Spiral, the new piece by interdisciplinary artist and multi-instrumentalist Darian Donovan Thomas, murmured and crackled, with a sequence of vignettes that evoked the shape of a spiral when viewed from the side. Episodes of little gestures moving across the ensemble gave way to sections that grooved (often led by notably fun bass runs), and listening to it all unfold felt joyous. Thomas’ electronic track provided ambience and tonal shifts that reminded me of Green-House and SOPHIE. While a simple distinction might attribute the function of feedback and dialogue more to Lewis’ softwares, Thomas’ track in Spiral was also an active participant in the audience’s collective musings.
During a few sections of Spiral, members of Ensemble Signal spoke lines of text, a few of which were found in the program note and later echoed by altered voices in the electronic track. Having leafed through the program before the performance, I felt as though the audience members had been brought into this rumination, a pondering proposed by the ensemble, the track, and us. One of the spoken phrases—“I’ve come to think of life as a spiral staircase”—prompted me to wonder when exactly the moments of change happen, when we “come to think” of things, when a spiral completes its next loop.

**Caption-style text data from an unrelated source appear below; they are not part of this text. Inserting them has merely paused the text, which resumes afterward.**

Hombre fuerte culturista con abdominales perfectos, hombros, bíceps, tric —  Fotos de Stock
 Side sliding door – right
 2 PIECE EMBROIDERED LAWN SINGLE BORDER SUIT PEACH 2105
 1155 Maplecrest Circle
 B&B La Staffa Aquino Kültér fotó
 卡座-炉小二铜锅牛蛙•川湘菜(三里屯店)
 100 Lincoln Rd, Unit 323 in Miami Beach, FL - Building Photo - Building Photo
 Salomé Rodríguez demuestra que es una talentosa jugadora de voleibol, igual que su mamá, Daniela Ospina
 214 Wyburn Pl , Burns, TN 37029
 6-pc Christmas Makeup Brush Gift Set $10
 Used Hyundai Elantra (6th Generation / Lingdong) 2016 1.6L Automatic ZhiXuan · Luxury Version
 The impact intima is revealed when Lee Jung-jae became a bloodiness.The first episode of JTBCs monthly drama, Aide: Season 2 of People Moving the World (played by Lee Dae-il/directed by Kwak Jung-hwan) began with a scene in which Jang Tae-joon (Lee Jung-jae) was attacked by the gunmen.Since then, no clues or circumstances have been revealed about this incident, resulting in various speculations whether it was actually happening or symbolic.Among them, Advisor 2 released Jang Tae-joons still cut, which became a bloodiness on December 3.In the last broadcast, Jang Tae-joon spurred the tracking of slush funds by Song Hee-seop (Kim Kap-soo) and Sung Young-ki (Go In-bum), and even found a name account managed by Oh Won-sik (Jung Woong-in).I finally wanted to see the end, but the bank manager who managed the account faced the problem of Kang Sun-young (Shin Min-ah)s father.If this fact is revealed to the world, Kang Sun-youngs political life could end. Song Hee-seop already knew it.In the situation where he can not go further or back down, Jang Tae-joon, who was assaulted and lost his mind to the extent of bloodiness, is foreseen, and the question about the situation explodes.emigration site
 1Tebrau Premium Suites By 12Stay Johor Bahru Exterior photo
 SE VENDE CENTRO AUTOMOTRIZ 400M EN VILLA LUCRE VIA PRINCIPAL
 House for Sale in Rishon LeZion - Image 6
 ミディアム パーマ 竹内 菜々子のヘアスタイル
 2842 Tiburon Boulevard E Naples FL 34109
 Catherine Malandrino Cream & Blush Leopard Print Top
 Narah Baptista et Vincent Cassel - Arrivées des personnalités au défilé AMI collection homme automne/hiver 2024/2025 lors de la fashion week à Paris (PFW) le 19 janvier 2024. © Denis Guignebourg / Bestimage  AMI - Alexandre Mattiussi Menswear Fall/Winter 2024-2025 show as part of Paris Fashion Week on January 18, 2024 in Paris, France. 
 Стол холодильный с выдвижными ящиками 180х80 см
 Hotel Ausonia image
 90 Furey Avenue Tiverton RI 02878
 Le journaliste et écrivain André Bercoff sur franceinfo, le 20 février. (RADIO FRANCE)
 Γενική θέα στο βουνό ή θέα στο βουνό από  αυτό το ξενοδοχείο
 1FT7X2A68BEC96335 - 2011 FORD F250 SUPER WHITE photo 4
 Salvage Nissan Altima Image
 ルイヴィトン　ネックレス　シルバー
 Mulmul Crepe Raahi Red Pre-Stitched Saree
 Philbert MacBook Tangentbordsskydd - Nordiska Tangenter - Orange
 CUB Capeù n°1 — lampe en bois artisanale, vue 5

Alongside spirals, Lewis’ reference to the earth’s bubbling energy in Seismologic, for solo bassoon and electronics, brought more shapes of change to mind with ripples and jagged lines. The physicality of bassoon performance took a front seat in this performance, which felt quite like a showpiece. Soloist Dana Jessen performed one extended technique after another as the sound generated by the electronic software bounced around the room–both gave virtuosic performances. At one moment, the sound gave the sensation of being in an enormous cavern, the next, on an amusement park ride breaking down. These sounds, which evoked elements of nature or our everyday sound environments, playfully acknowledged that the source of certain sounds or movements are unexpected or imperceivable to us.